THURSTON – Being the defending champs is hard. Being the back-to-back defending champs is harder.
That was the Thurston Colts football team last year as they looked to three-peat. Everything was going according to plan, too. The Colts went undefeated in a regular season that saw them complete four shutouts and have their closest game be a 10-point victory at Churchill.
The postseason looked to be much of the same as they rolled through Ridgeview (31-2), Canby (20-0) and Wilsonville (34-14) on their way to the title game. But the Colts’ engine ran out of steam. The three-peat proved too tough as Thurston fell to Silverton in the 5A state championship game 26-20.
Bob Williams/Chronicle photo
Darien Witham, No. 5, one of the top returning players for Thurston this year, looks to pass during practice on Monday. The 5-foot-10, 180-pounder earned first-team all-state honors in 2021 as a defensive back.
“We also lost it in ’08 so I’ve been through that before and it’s difficult,” said Justin Starck, head coach of the Colts for the last 20 years. “It’s a lot of woulda, coulda, shoulda. It’s impossible not to do that, so a lot of questions and a lot of wishes that we had do-overs.”
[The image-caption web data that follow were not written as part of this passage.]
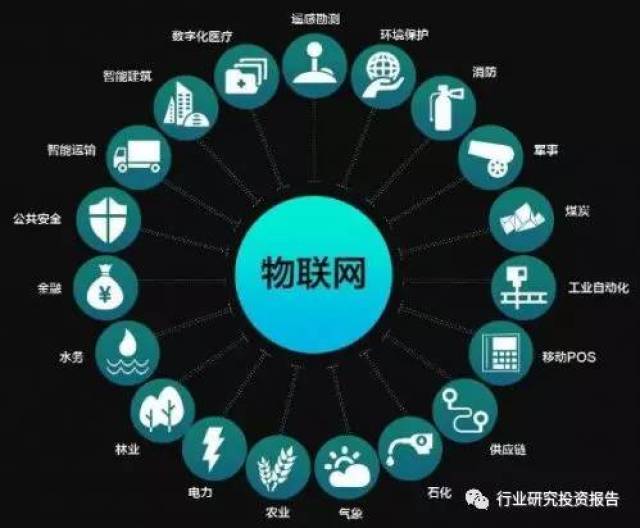 物联网技术在智慧医疗的应用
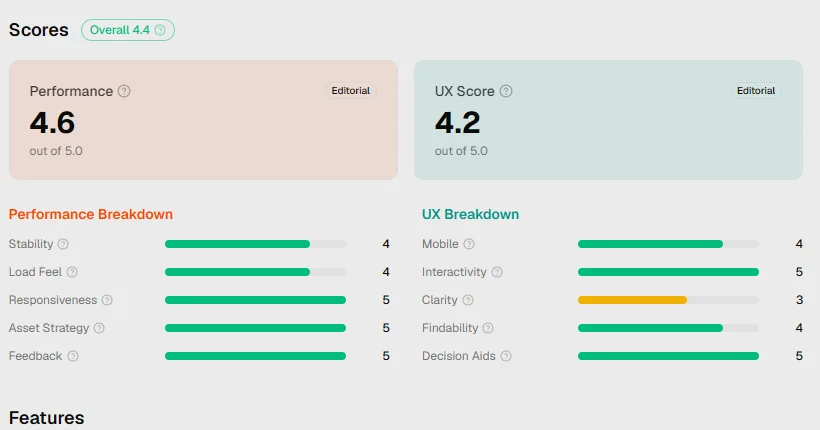 Pickawood listing on Interact Gallery showing performance 4.6, UX 4.2 and ten sub-score bars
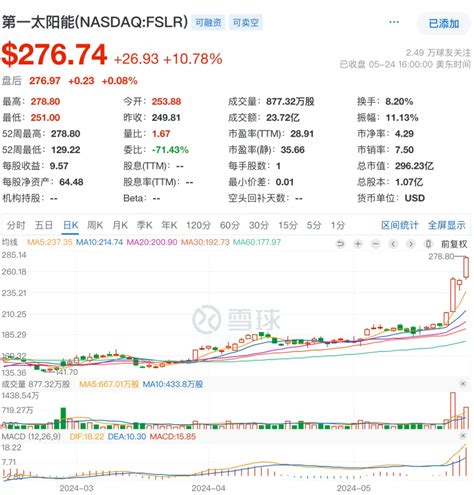 什么？悄无声息之间，美国光伏成了全球第一？ 时事新闻 世界论坛网（电脑版）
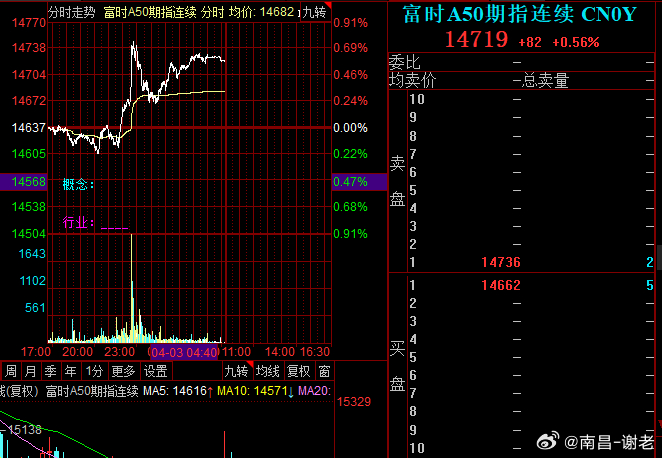 听说今天要起飞？？? 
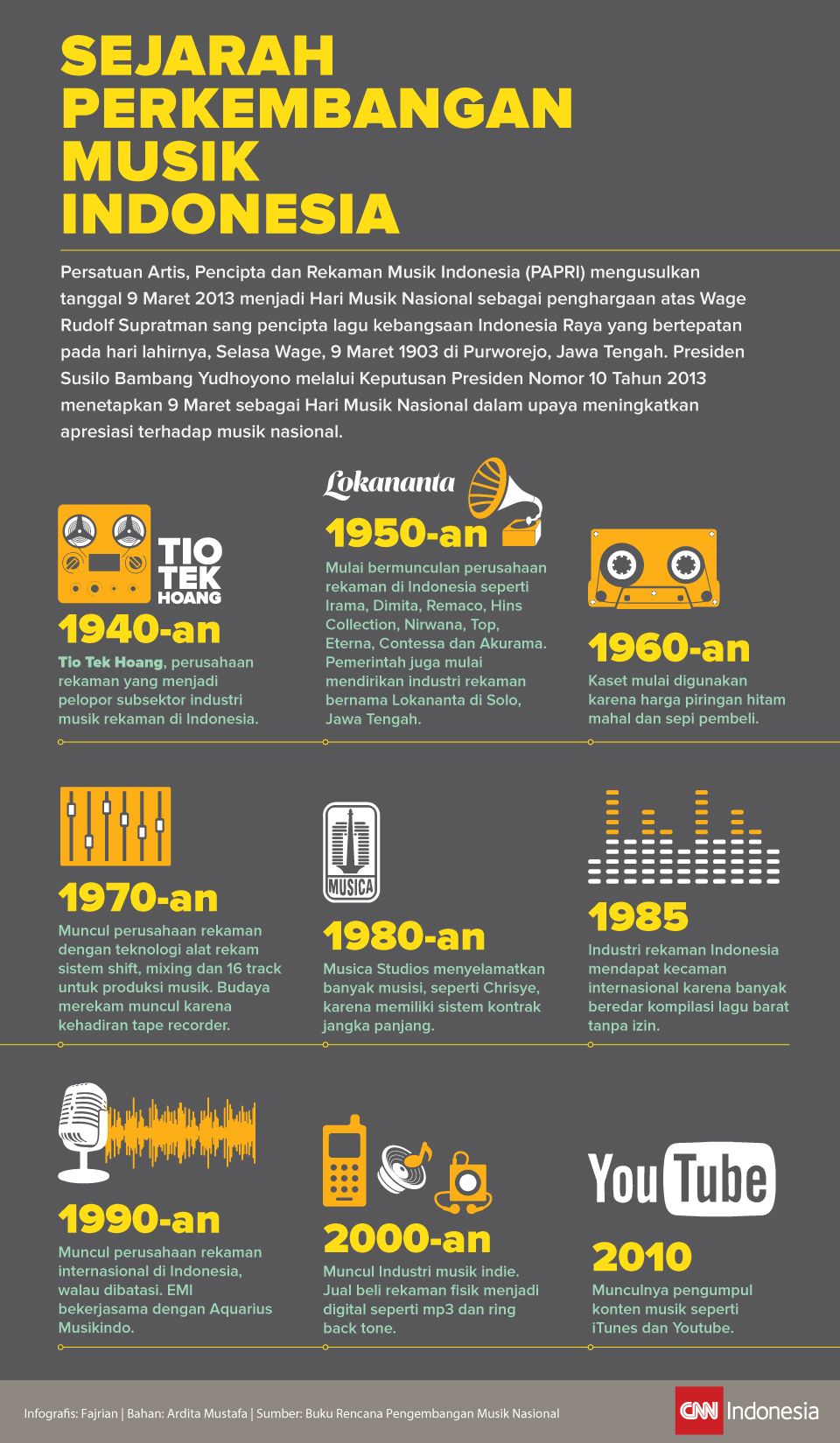 Infografis sejarah perkembangan musik indonesia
There are no do-overs in sports, but there are next seasons and that next season for the Colts starts soon. Starck doesn’t feel any pressure to win another title, but he does feel the pressure of knowing every week is going to be a tough game.
“The pressure is that, you know, week in and week out everyone is going to be ready for you,” Starck said. “If we have one night where we’re not quite at the top of our game we can be in trouble. And so there’s a little pressure there.”
A Division 5A powerhouse, the Colts understand they need to be ready for everyone’s best every time they step on the field.
“More and more we have a target on our chest,” Starck said. “We get everyone’s best shot.”
That target may be the biggest on Week 1 when the Colts play at home against the Wilsonville Wildcats, the team they beat in the semifinals of last year’s playoffs.
Thurston follows that game with a matchup at Summit, a talented team that made it to the quarterfinals of the Division 6A playoffs last year. Starck, for one, can’t wait to get those games underway.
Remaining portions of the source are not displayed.